Die Erfahrungen aus seinen Einsätzen in Afghanistan, hier bei der Übergabe eines Fahrzeugs an einen afghanischen Polizeiarzt, lässt Thorsten Mette in seine Kurse einfließen.

Zülpich – Im Seminarraum des Museums für Badekultur liegen auf einem langen Tisch allerlei medizinische Gerätschaften sowie ein präparierter Bundeswehrhelm mit einem eindrucksvollen Einschussloch. Thorsten Mette, Hauptmann im zentralen Sanitätsdienst der Bundeswehr, hat nur einen kleinen Teil seiner Ausrüstung mitgebracht, die er für seine ganz speziellen Erste-Hilfe-Lehrgänge benötigt.

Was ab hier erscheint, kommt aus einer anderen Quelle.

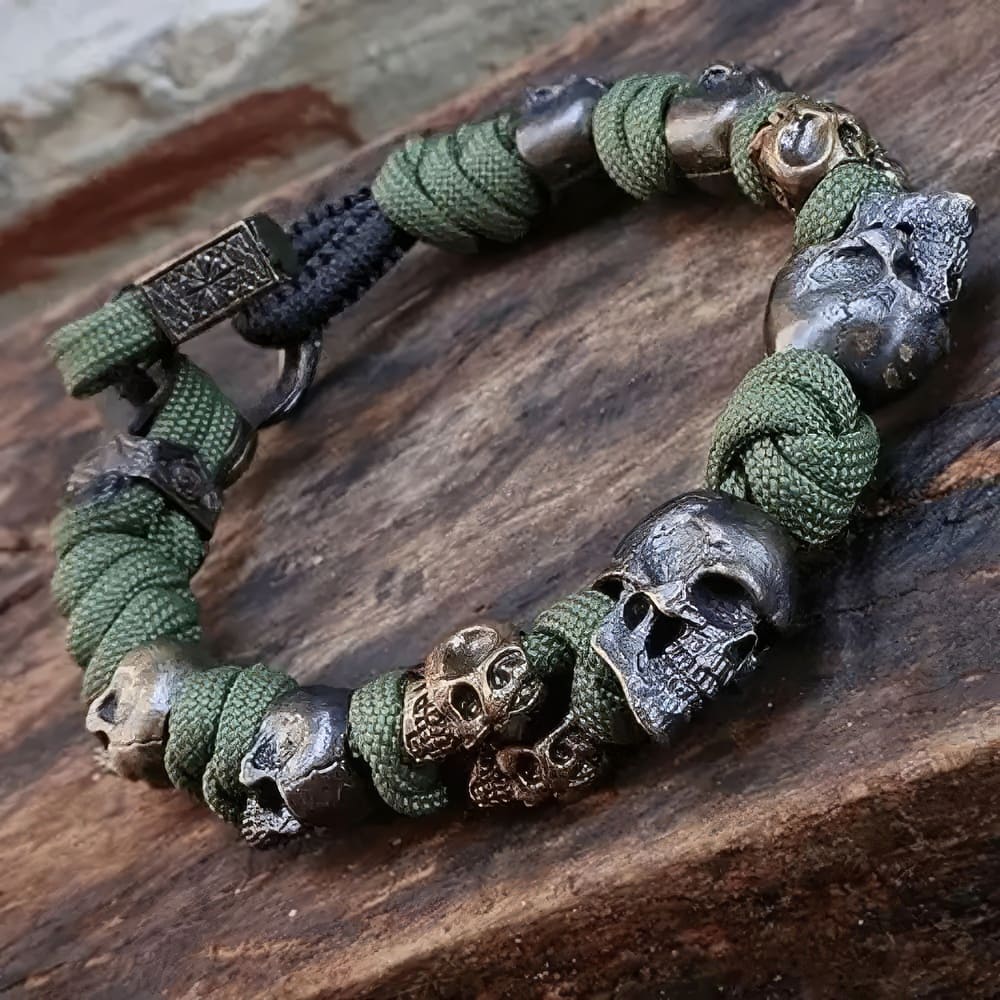 Bracelet Tête de Mort Paracorde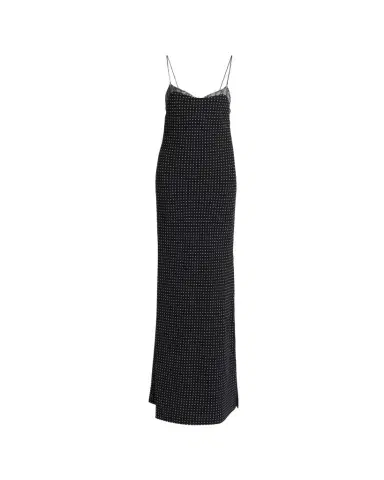 Tom Ford Polka Dot Silk Backless Maxi Slip Dress | Thumbnail 1 Tom Ford Polka Dot Silk Backless Maxi Slip Dress | Thumbnail 1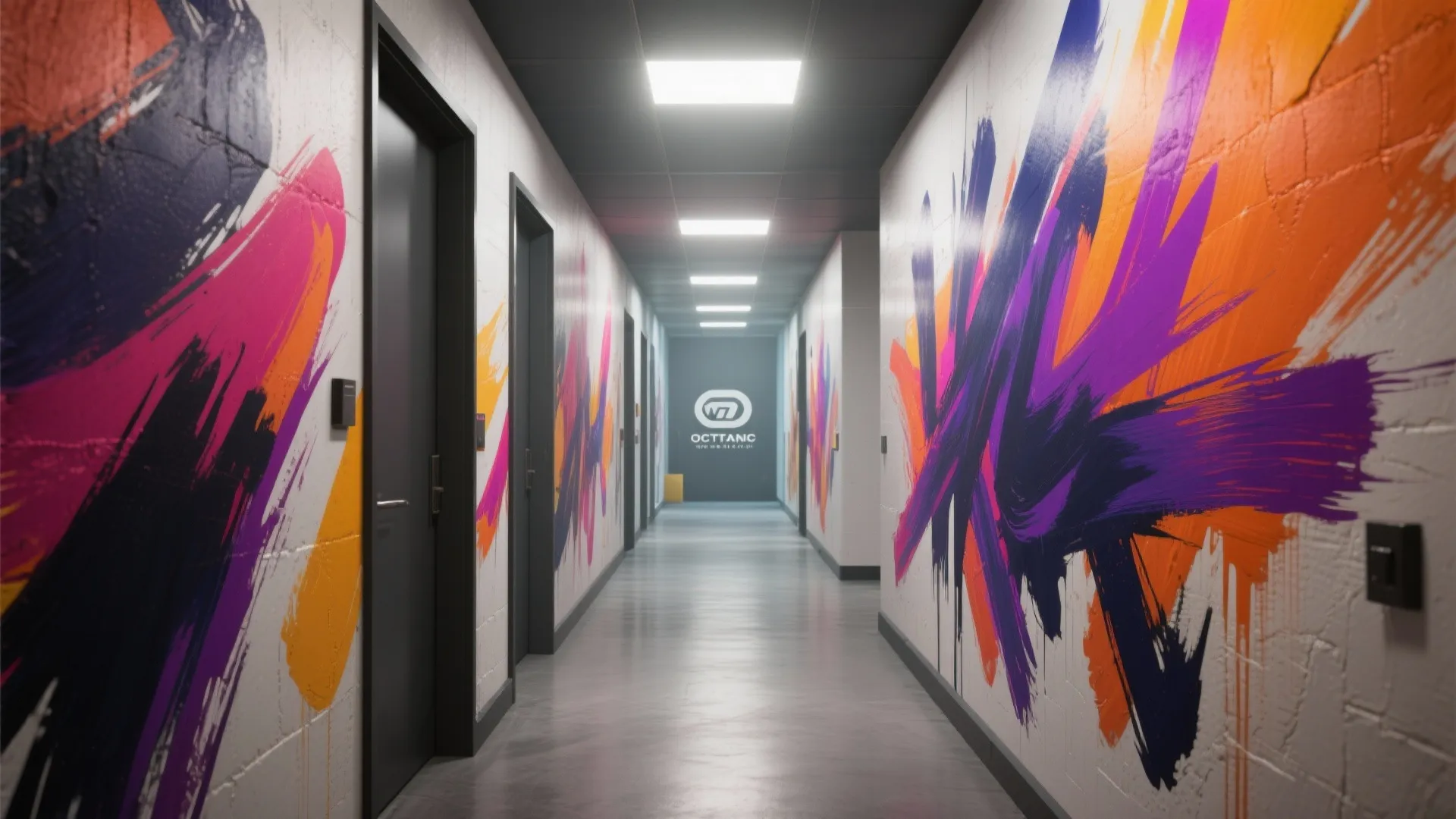 Abstract Brushstroke Motifs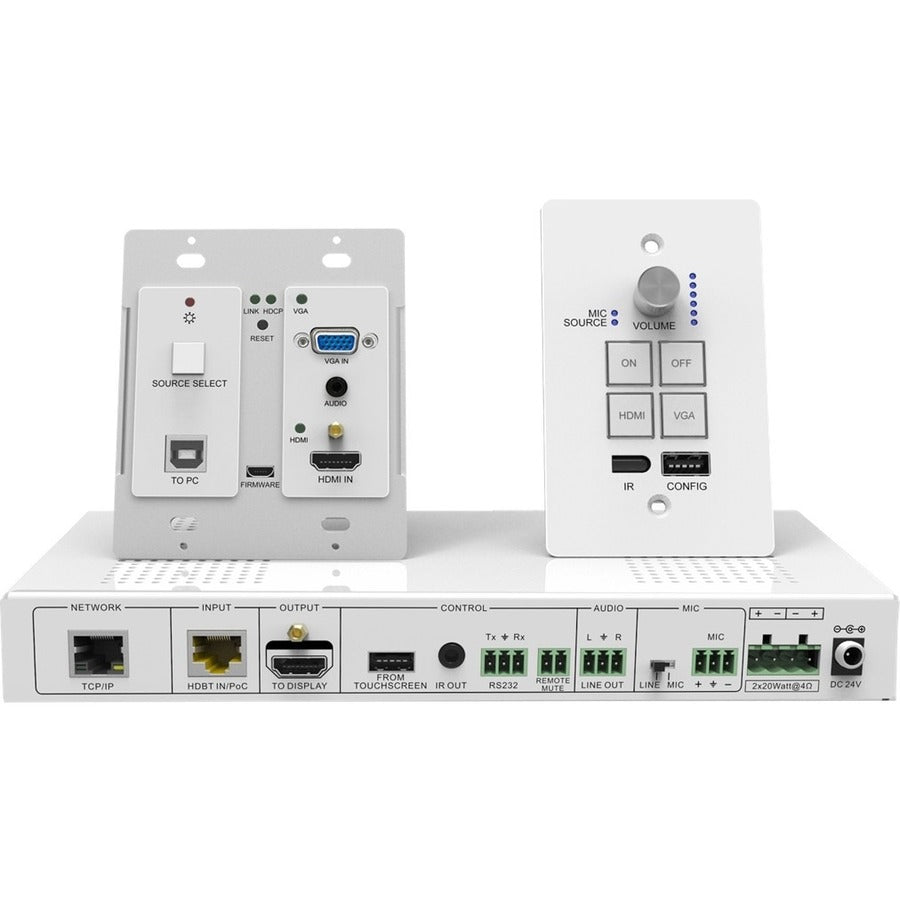 SIIG Wallplate HDMI/VGA HDBaseT Kit (Part No. CE-H23Z11-S1)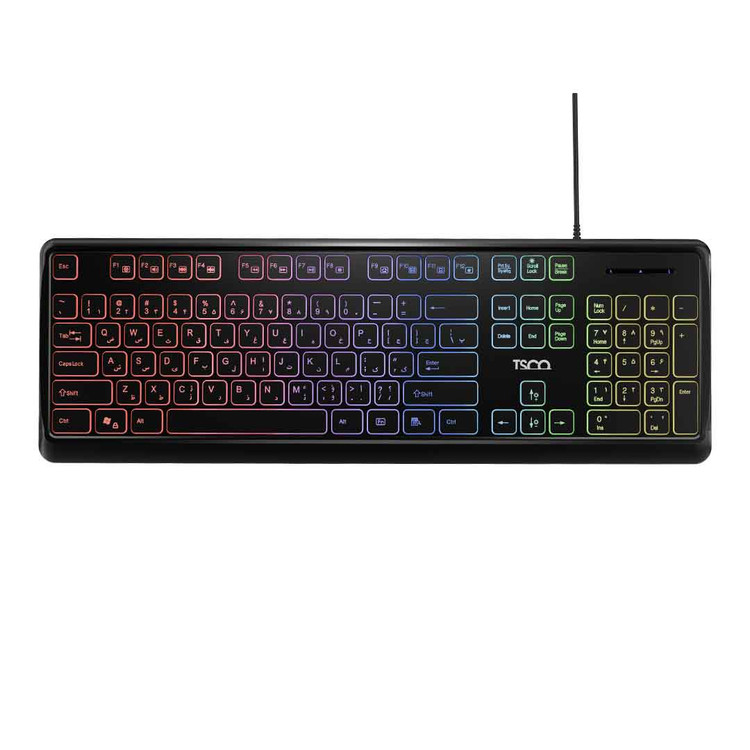 ⌨️ کیبورد چندرسانهای تسکو مدل TK 8046 با نور پسزمینه LED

„Was man hier sieht“, sagt er, „ist die medizinische Standardausrüstung, die jeder Soldat in seinem Rucksack mitführt.“ Der kaputte Helm gehöre natürlich nicht dazu. Den hat der Zülpicher als Beispiel dafür mitgebracht, dass auch ein Helm nicht immer schützt. Im Herbst vergangenen Jahres hat Mette von einem Freund in Jüchen, der aus gesundheitlichen Gründen kürzer treten musste, die Firma MeDi-Retter übernommen.

Kurse gibt es viele

Zahlreiche Einrichtungen und Hilfsorganisationen im Kreis bieten Ersthelfer-Kurse an. Auf die Frage, was sein Konzept denn etwa von den Kursen des Roten Kreuzes unterscheide, hat der Soldat eine klare Antwort: „Die normalen Ersthelferkurse unterscheiden sich nicht sehr, sie sind ja auch von der Berufsgenossenschaft anerkannt. Ich biete darüber hinaus Leistungen nach dem BERATH -System an.“

Das von Mette selbst entwickelte System setzt sich zusammen aus den Begriffen Beratung zu Auslandsreisen in Nicht-EU Länder, Erste-Hilfe-Kurse, Rettungsschule, Allgemeine medizinische Dienste, Taktische Verwundetenversorgung in besonderen Lagen und Hygiene/Desinfektion.

Mentor in Reihen der afghanischen Streitkräfte

Die taktische Verwundetenversorgung liegt dem Familienvater besonders am Herzen. Er war in zwei Afghanistan-Einsätzen als Medical Mentor in den Reihen der afghanischen Armee tätig und konnte dort in seiner beratenden Position viele Verbesserungen im Bereich der medizinischen Erstversorgung erzielen. „Die Sanitäter versorgten ihre Verwundeten einfach mitten im Gefecht auf dem Schlachtfeld. Das machen wir schon lange nicht mehr so.“ Teilweise seien es Zustände gewesen wie im Ersten oder Zweiten Weltkrieg. Auf Fotos zeigt er eine Feldküche, die so schmutzig ist, dass sie eher an eine Mülldeponie erinnert.

Wünschewagen

Mettes nächstes Projekt ist ein Rettungswagen, für den er die Inneneinrichtung schon zusammen hat und für dessen Anschaffung er derzeit Sponsoren sucht. Das Fahrzeug soll nicht nur zu Lehrzwecken dienen, sondern eine ganz besondere Funktion haben: die eines sogenannten Wünschewagens.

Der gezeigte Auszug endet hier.